How Choses in Action Became Assignable
Holdsworth's treatment of the history of choses in action becomes less helpful the closer we get to current realities. An article by noted legal realist scholar Walter Wheeler Cook in 1916 ("The Alienability of Choses in Action," 29 HLR 816 (1916)), however, shows how the myth of a chose in action's inalienability became shattered around 200 years ago. Though Cook doesn't really demonstrate it, the nature of English commercial life in the 18th-19th centuries no doubt stands behind the relaxation of the non-alienability rule. Merchants no longer simply dealt face to face with customers. You had middlemen, warehouses, complex financial arrangements, the extension of credit, unpaid debts and the growth of the insurance industry. All of these new economic realities (which I would love to be able to describe, each one in its effulgent richness) tended to convince courts that the simple rule of non-assignability of choses in action ought not to be maintained in contract-type actions. Cook's article is brilliant not only in laying out this history but in defining the issue from the perspective of the amazingly-influential article by the short-lived Wesley N. Hohfeld (1879-1918; he fell victim to the Spanish flu that we forget ravised the country near the end of WWI) of Yale on "Some Fundamental Legal Conceptions," 23 YLJ 16.

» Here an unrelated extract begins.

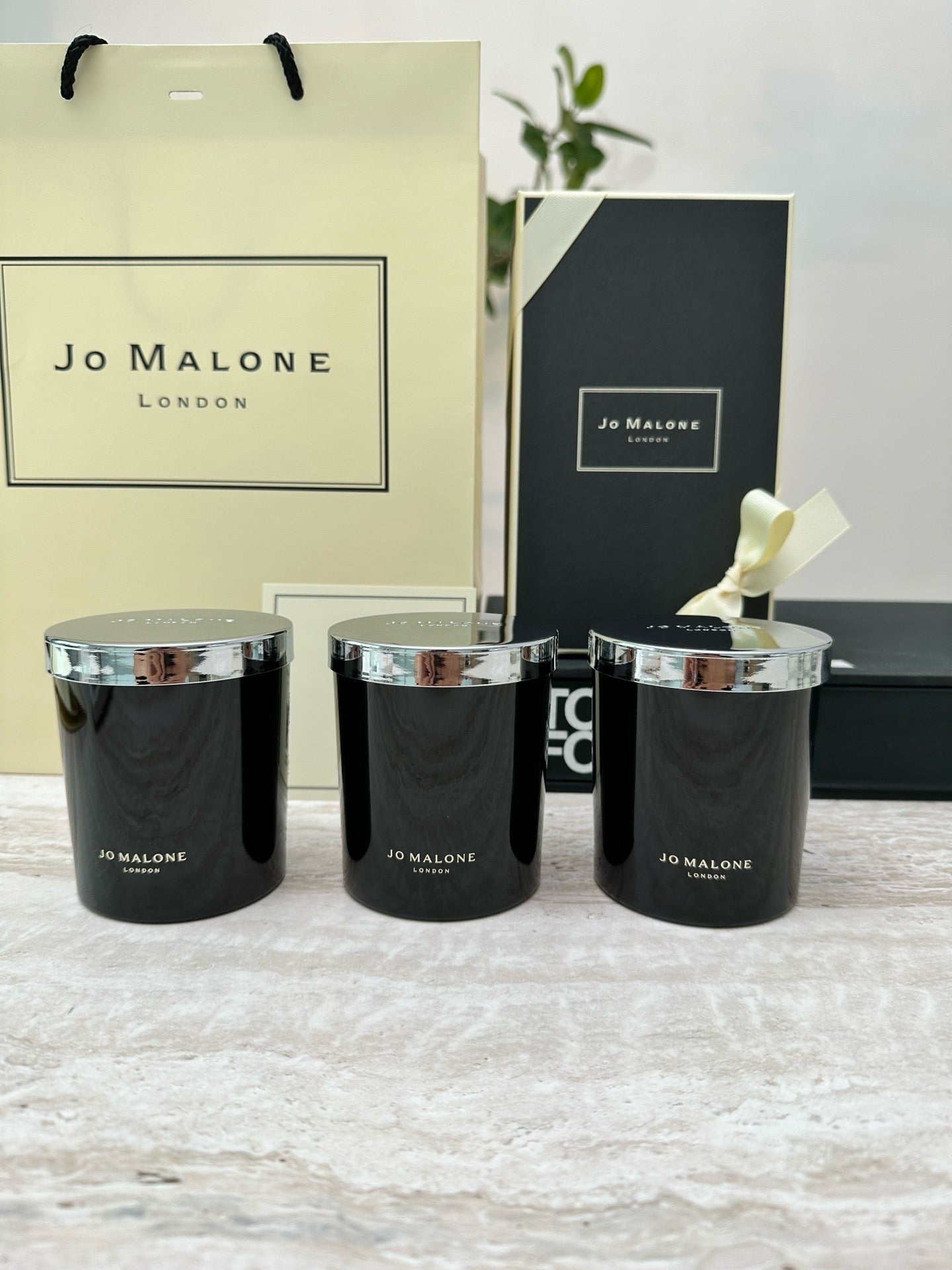 Jo Malone Intense Candle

After a very illuminating application of Hohfeld's "jural opposites" to the nature of a chose in action (i.e., how the chose grants powers, privileges and immunities to the creditor and corresponding duties to the debtor), Cook shows that the relaxation of the non-alienability rule occurred first in equity and only then in the common law through the concept of the "power of attorney." More specifically, Cook relies on the 1914 work of W.T Barbour ("The History of Contract in Early English Equity") to show that "among the earliest petitions (in chancery) preserved we find assignees seeking to recover in their own names debts which had been assigned to them" (Cook, supra at 821). No one is quite sure exactly when this first happened, but Cook cites several cases from the 17th and early 18th centuries to conclude:
"We know from later cases that it became the settled doctrine that the assignee, at least where there was a consideration, and perhaps where there was none, could recover from the debtor by bill in equity brought in the name of the assignee" (Id.).

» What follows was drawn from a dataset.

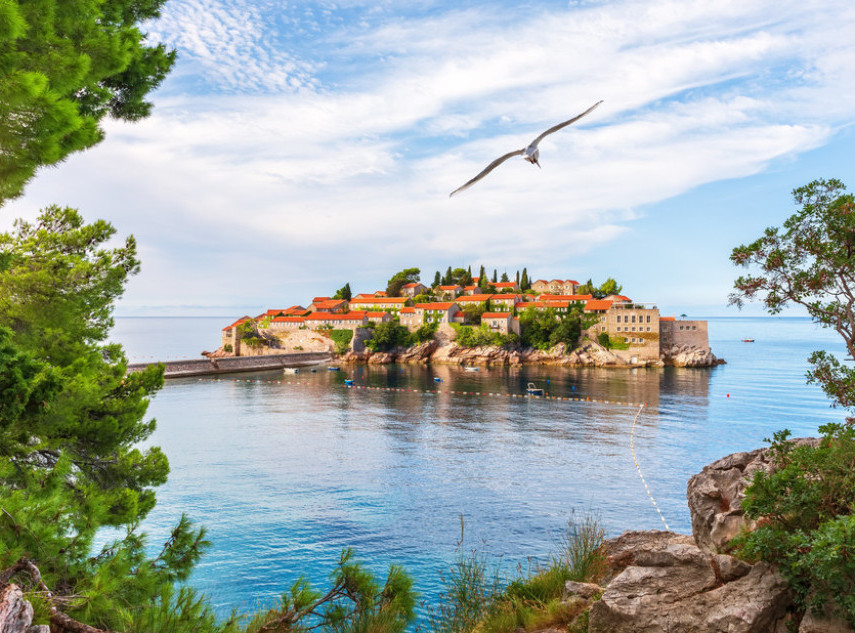 Sveti Stefan među sedam najugroženijih lokaliteta u Evropi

It was not until the 1799 common law case (Court of Common Pleas) that the law courts were confronted with equity's relaxation of the non-assignability rule. In Legh v. Legh the facts were as follows. The assignor of a bond, after the assignee had begun suit in the name of the assignor, accepted payment from he debtor who had notice of the assignment, and also executed a release, which release was pleaded as a defense by the debtor when sued by the assignee in the name of the assignor. The debtor defendant pleaded a complete defense because of the theory that in fact the assignor owned the bond. This was the common law theory of non-assignability of a chose in action in spades. Therefore, according to the debtor, the only action available to the assignee would be an action for damages against the assignor or by bill in equity for cancellation of the release. The following words from Chief Justice Eyre's opinion are noteworthy:
"The conduct of this Defendant has been against good faith, and the only question is, whether the Plaintiff must not seek relief in a Court of Equity?...The Court has in many cases refused to allow a party to take his legal advantage, where it has appeared to be against good faith (i.e., the defendant was "taking legal advantage" here)...In order to defeat the real Plaintiff (the assignee), this Defendant has colluded with the nominal Plaintiff (the assignor) to obtain a release; and I think therefore the plea of release may be set aside consistently with the general rules of the Court. And if so, the Defendant cannot be permitted to plead payment of the bond..."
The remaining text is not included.